| ACTION ITEM |
Pictures in the listing below are skipped, while the lines from the "2011 TOYOTA TACOMA" line through the "2003-2004 Hummer H2" line are returned word for word.

| DATASET EXTRACT |
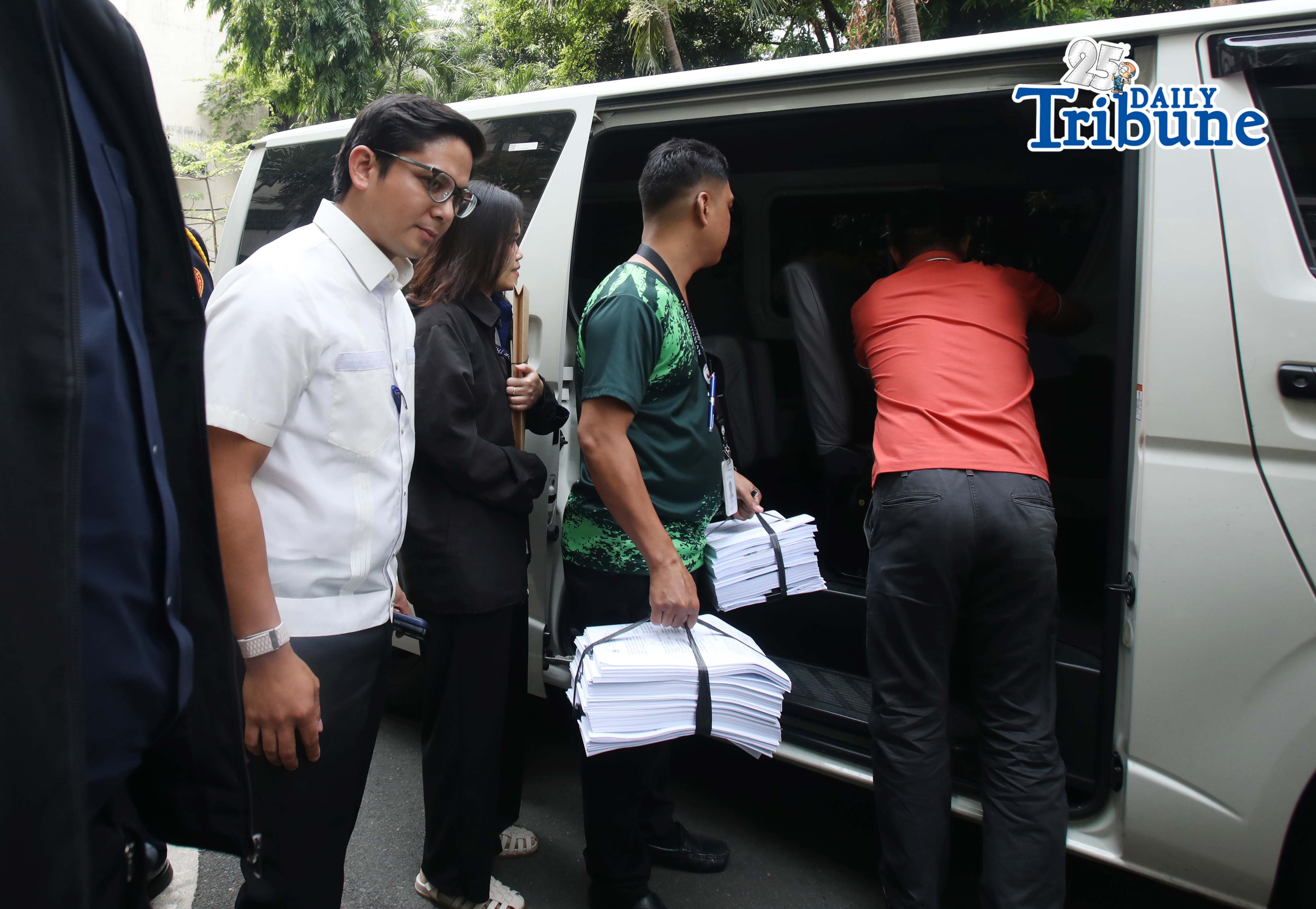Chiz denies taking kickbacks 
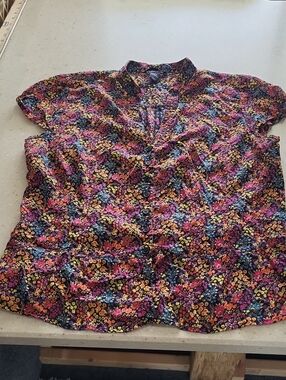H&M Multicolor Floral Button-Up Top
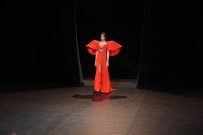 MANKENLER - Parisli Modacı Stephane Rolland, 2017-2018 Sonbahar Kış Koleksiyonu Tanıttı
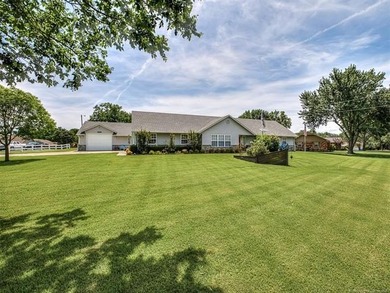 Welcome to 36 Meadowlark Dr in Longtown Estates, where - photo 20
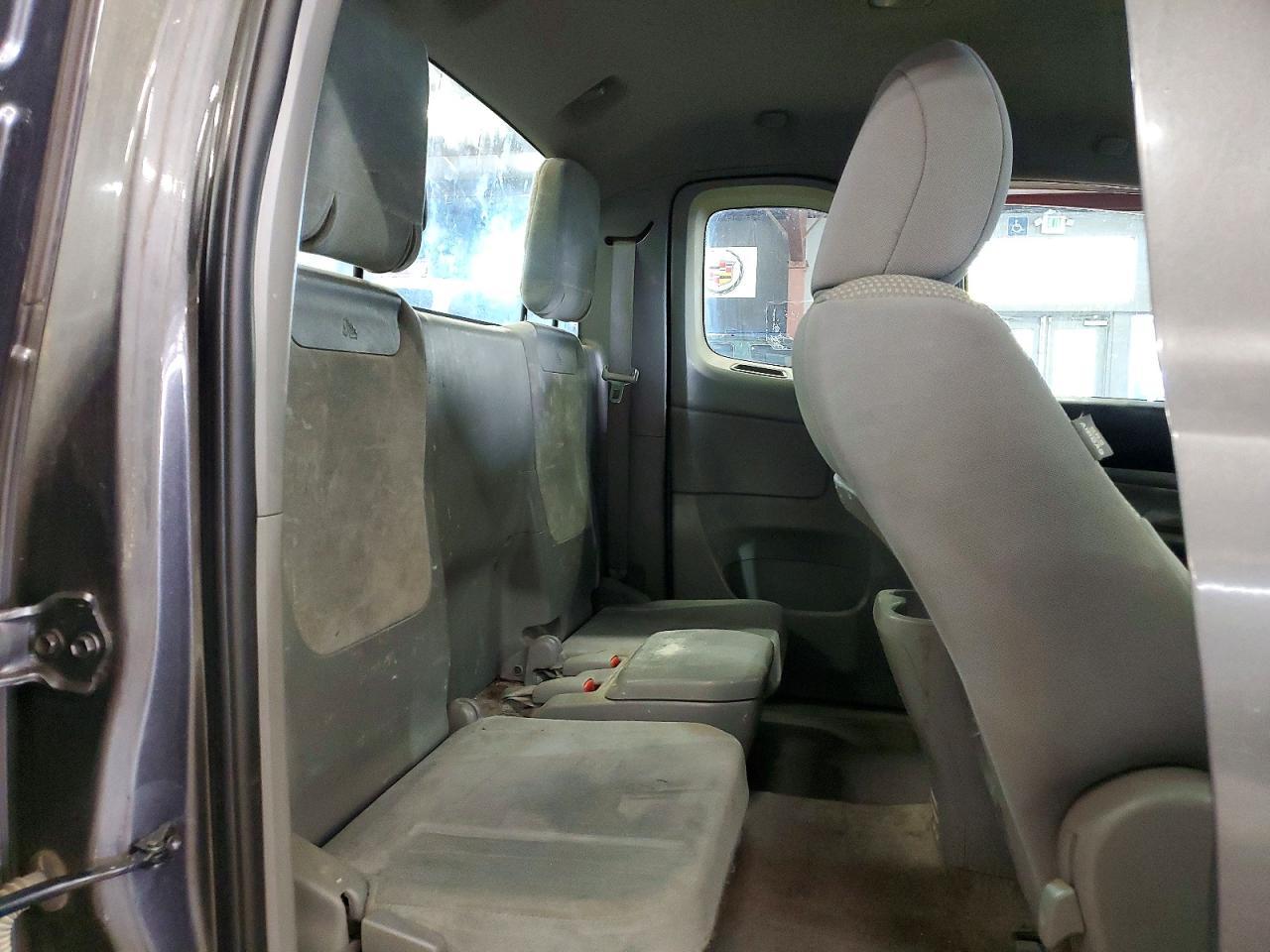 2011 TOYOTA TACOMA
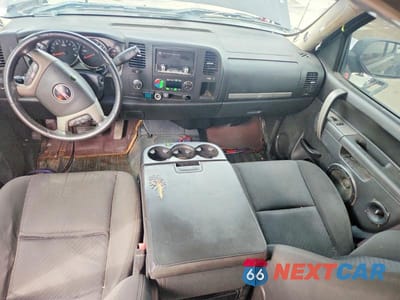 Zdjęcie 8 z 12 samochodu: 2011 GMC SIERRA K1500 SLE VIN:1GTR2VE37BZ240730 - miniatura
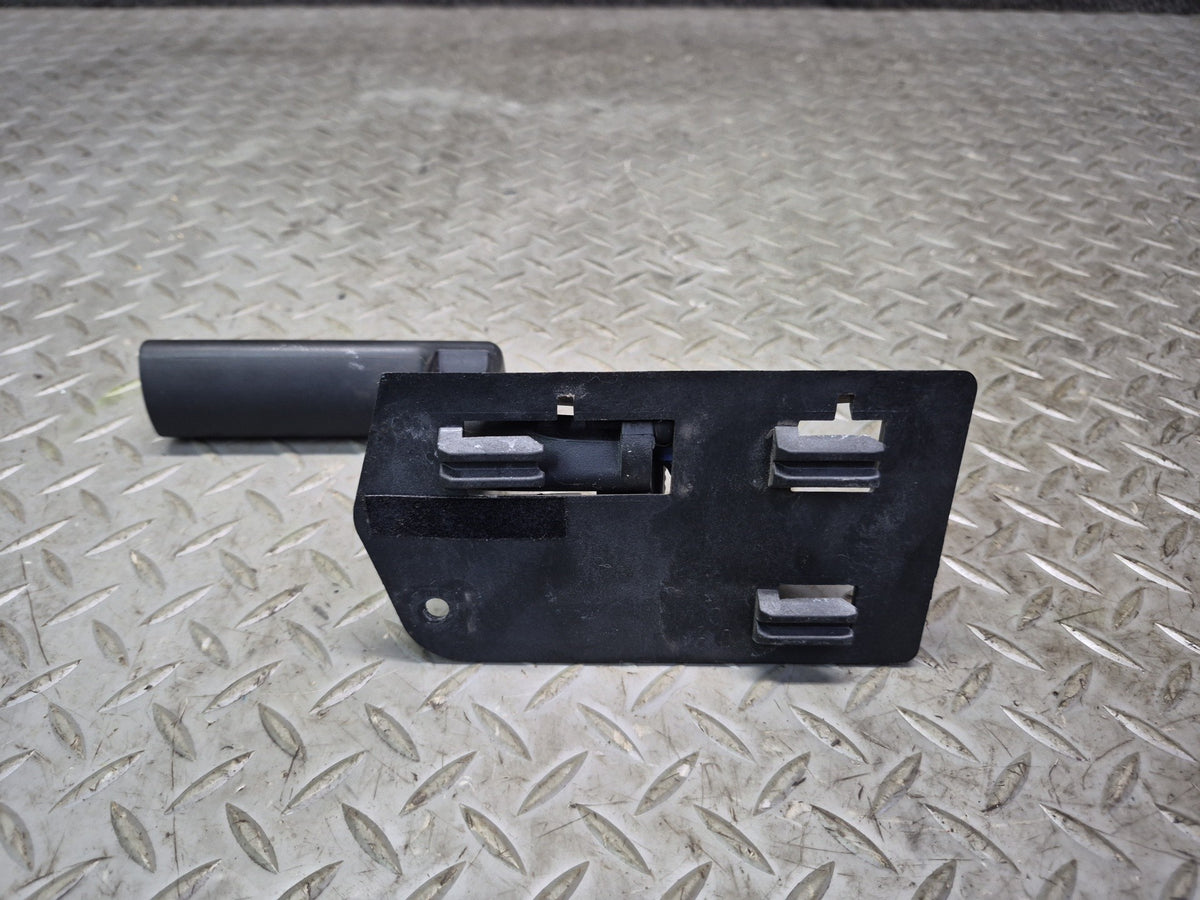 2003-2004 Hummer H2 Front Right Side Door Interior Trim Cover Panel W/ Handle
---
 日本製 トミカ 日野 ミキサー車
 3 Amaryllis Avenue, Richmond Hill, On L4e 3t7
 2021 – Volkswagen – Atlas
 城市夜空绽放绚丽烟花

| RESULT OF THE TASK |
 2011 TOYOTA TACOMA
 Zdjęcie 8 z 12 samochodu: 2011 GMC SIERRA K1500 SLE VIN:1GTR2VE37BZ240730 - miniatura
 2003-2004 Hummer H2 Front Right Side Door Interior Trim Cover Panel W/ Handle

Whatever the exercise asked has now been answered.